— PROVIDED INFORMATION —
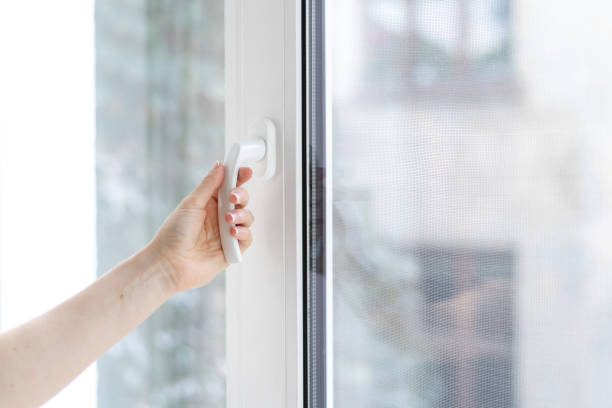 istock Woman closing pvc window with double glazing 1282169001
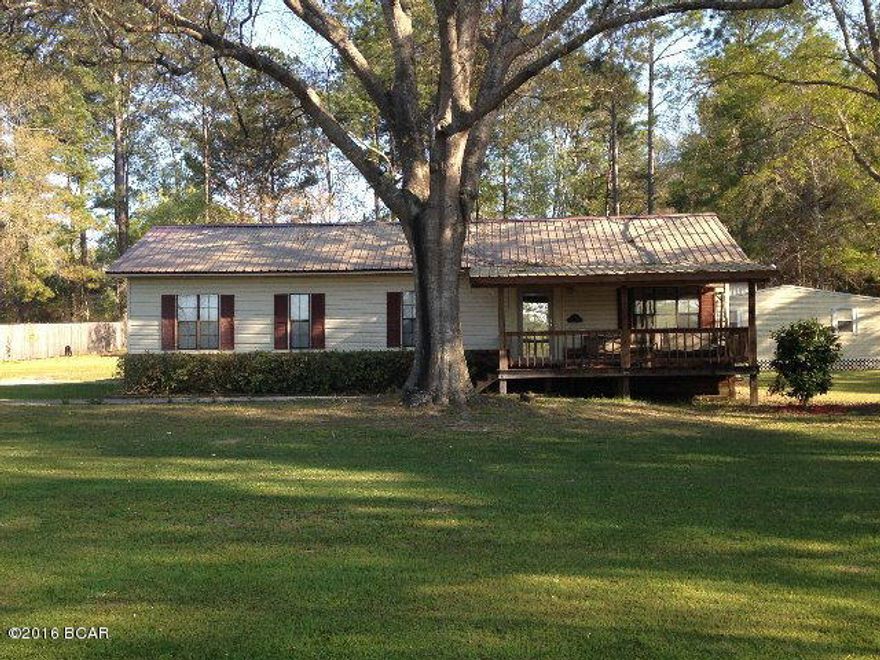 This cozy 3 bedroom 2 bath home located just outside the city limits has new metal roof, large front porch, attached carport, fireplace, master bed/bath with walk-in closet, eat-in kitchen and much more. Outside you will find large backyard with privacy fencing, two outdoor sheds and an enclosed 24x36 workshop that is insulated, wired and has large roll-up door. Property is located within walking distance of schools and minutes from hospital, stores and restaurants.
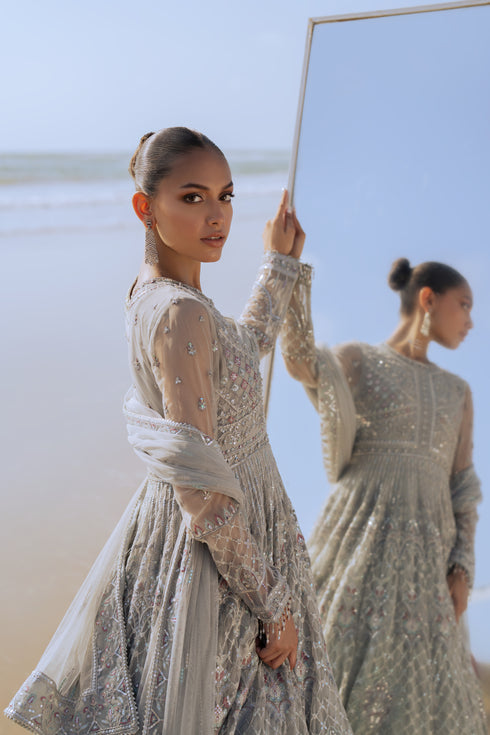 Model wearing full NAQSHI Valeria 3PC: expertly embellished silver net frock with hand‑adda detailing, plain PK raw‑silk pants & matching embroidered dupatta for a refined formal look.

* * *

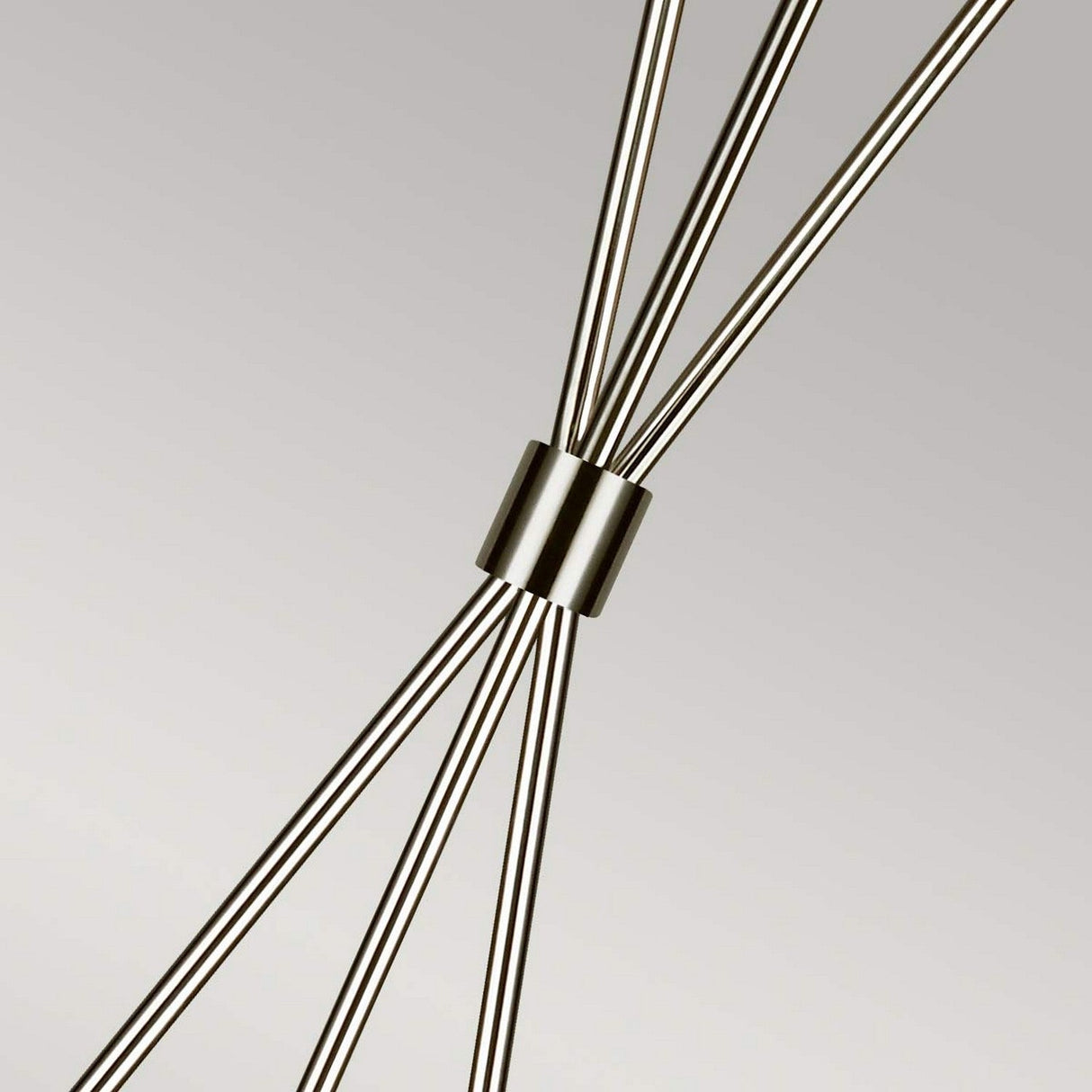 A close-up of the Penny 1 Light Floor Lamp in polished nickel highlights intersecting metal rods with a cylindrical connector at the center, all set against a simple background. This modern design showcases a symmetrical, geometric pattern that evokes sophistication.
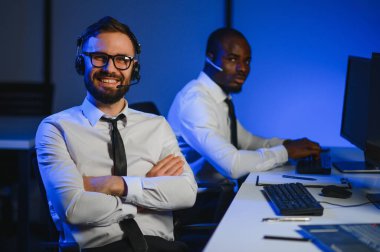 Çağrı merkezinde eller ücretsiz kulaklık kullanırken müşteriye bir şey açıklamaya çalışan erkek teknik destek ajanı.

---

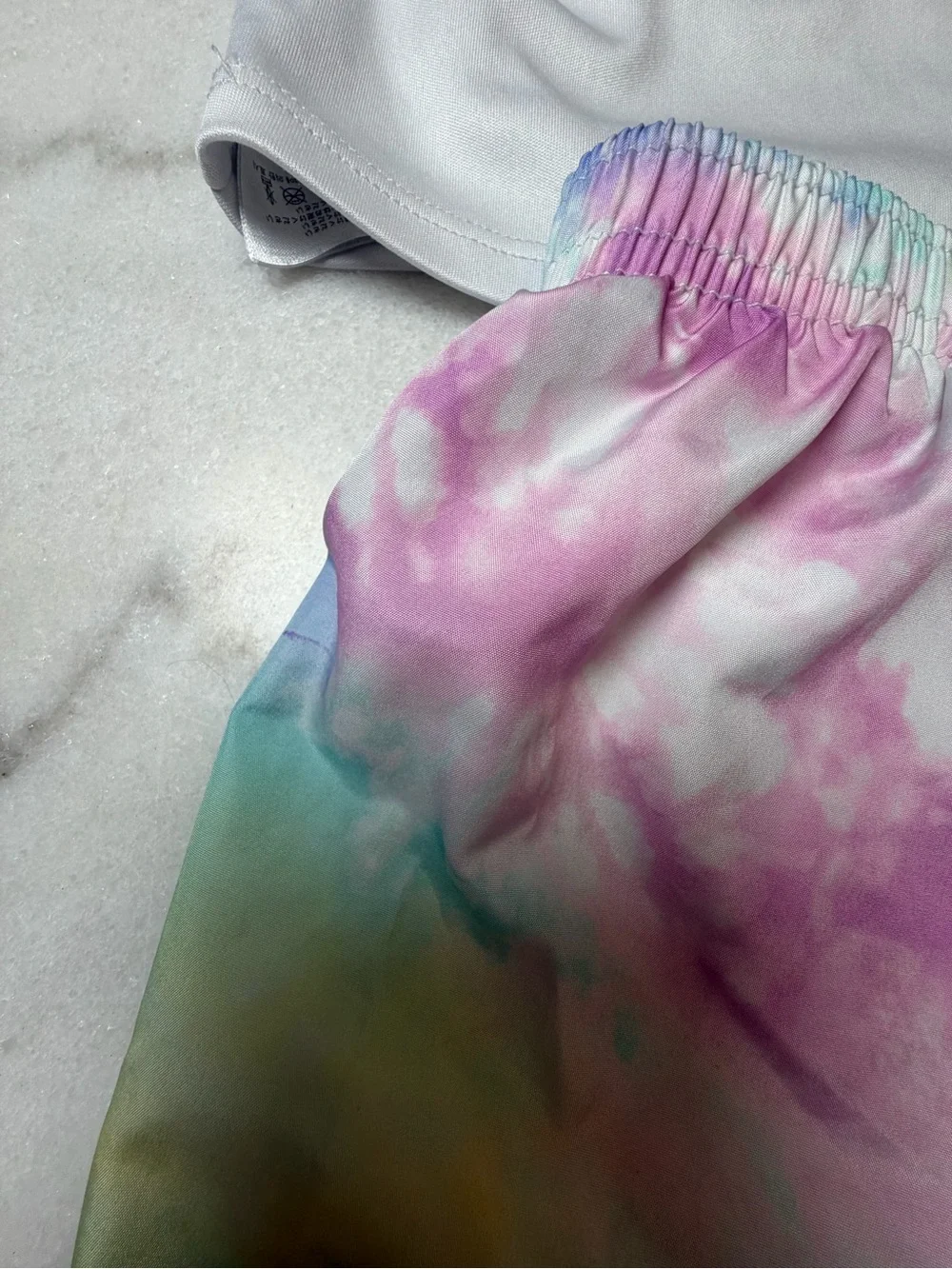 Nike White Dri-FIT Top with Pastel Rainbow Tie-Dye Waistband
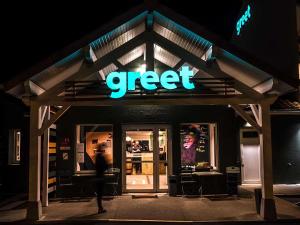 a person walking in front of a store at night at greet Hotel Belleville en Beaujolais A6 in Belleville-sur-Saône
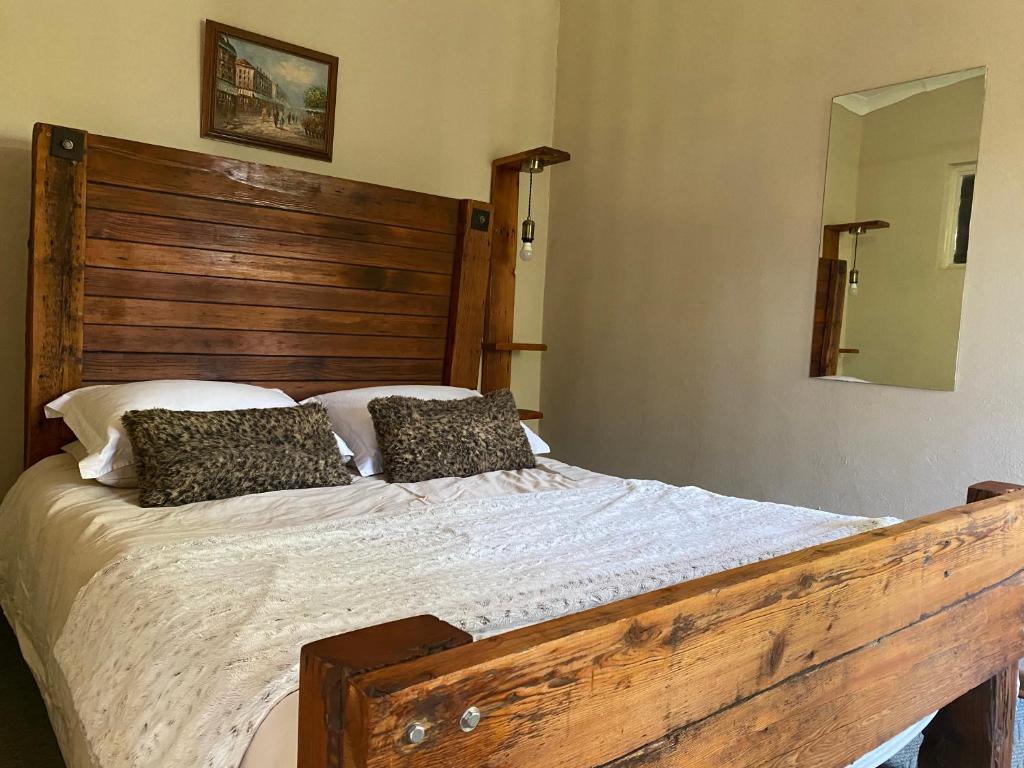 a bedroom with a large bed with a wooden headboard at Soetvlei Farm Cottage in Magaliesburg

— TASK DESCRIPTION —
Only the lines above starting with the line with "a person walking" and going on through the line with "a bedroom with" belong in the answer; repeat them exactly, minus any picture.

— RESPONSE BELOW —
 a person walking in front of a store at night at greet Hotel Belleville en Beaujolais A6 in Belleville-sur-Saône
 a bedroom with a large bed with a wooden headboard at Soetvlei Farm Cottage in Magaliesburg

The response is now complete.